Though it remains to be validated, I personally feel that dataload speeds in ODI version 11 have improved as compared to version 10. The reason was that we had migrated from  ODI 10 to 11 while keeping the source, staging and target untouched.

Why is it necessary to start all processes as Administrator ?

If you have tried starting EPM services by double-clicking on the batch scripts in Windows (start.bat, startEssbase.bat etc), you will probably get no error and the black screen will disappear as if nothing happened.
Running the script using a command prompt will give you the same result, it will come out the batch job peacefully, but when you actually check the services if they have started you will be surprised to see that nothing has worked as planned.
The best approach is start the services as 'Run as administrator' or run the cmd prompt in administrator mode.
The installation needs to be done by an administrator or 'Run as administrator' to get the best results.

What about Linux ??
Oracle says that you need to create a new user and it is not recommended to perform installation or start any services by super user.
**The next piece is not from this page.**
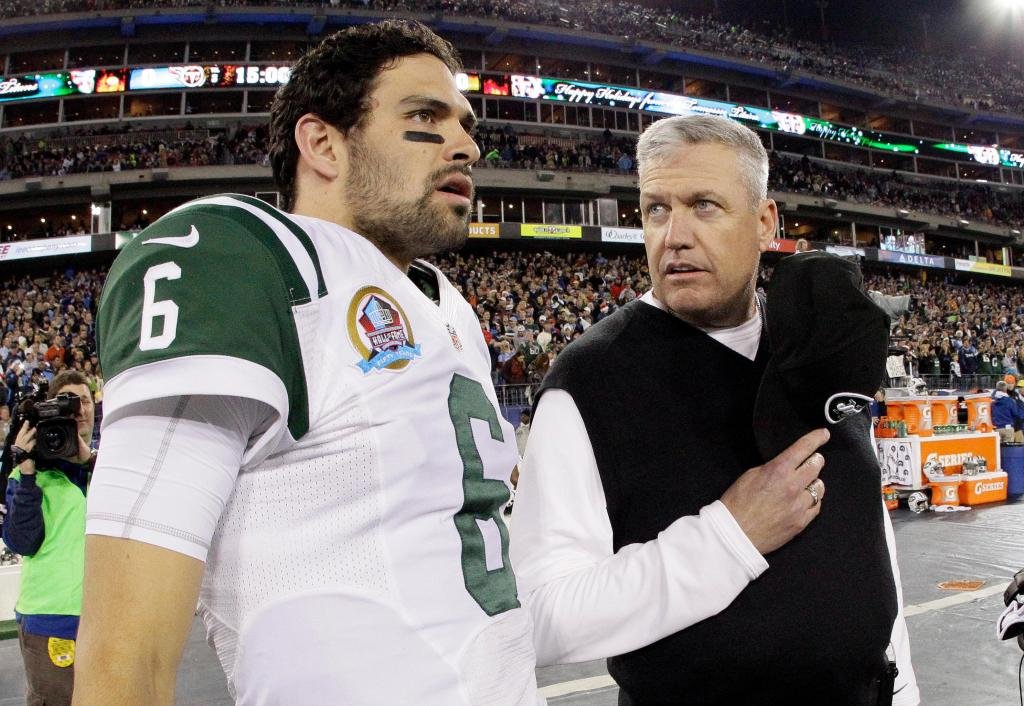 Mark_Sanchez-Stabbed_25194-3.jpg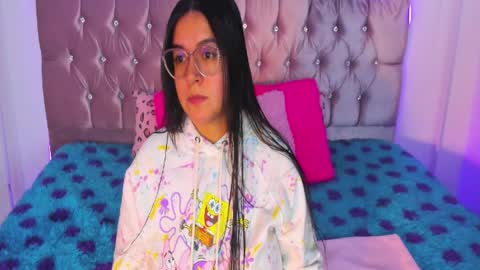 Snapshot of alice_summer1 chatting on March 29, 9:59 pm alice_summer1 online show from March 29, 9:59 pm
So never sudo...

I have come across this issue once when the services were being started by a super user, but the user who installed it was different, they failed to start.
Going through the logs with help of Oracle revealed that some file attributes (Ownership) are changed on the fly every time services are stopped/started, so this will result in some files not being opened by the service trying to open it.
Solution : If the services were started by some other user and now you need to restore the file access, change the ownership using 'chown' command (recursively) of the 'Oracle' folder


Friday, July 6, 2012

Data Integration ?

Data Integration, simply put, is a way of pulling data from somewhere and putting it somewhere else. I must warn you that its easier said than done.

The most common uses of Data Integration are
1. Building a Central Data Repository : Suppose you have lots of databases spread across various geographies and across different platforms and the business needs to have a central database, which will contain all the data of all geographies in a uniform way.
2. Populating Databases used by Decision Support systems from Transaction Systems : You need to build a data warehouse which will contain information brought in from Transaction systems and then it will be used by BI tools for reporting and analysis
3. Metadata management : Updating Columns, adding new members in a multidimensional database etc can also come under data integration, although there are some disagreements on this.

There are many other cases where data integration tools can be used, the ones posted above are those which you will face most of the times.

Practical Issues of Data Integration
You can find various links regarding this on the net, I will be putting them here again in my words.

Format of Data : The date column in one table might be different from the date column in other. So while integrating both tables (Union) we need to make sure that the date format is uniform in target database.
formatting is perhaps the most common issue faced in integration. It can be as simple as date format or as complex as using particular rules to be written in SQL.

 Mapping : A source data value say INDIA needs to be put as REGION10 in target, Source value US = REGION4 in target, AUSTRALIA=REGION3 and like wise. This will involve using look up tables which will map the source value to a particular target value.

Data Integration time, size and method : The time taken for integration, method of loads (row by row or bulk loads) and the size of data to be loaded will decide the effectiveness of your integration tool.

Scheduling : Data Integration process need to be scheduled properly so that there are no inconsistencies. eg. If you start a data integration process while the source transaction systems are still being updated, the target may or may not have the correct data.

Consistency : The data needs to be consistent across source and target at all times. Changed data capture is a very important aspect in the field of Data Integration.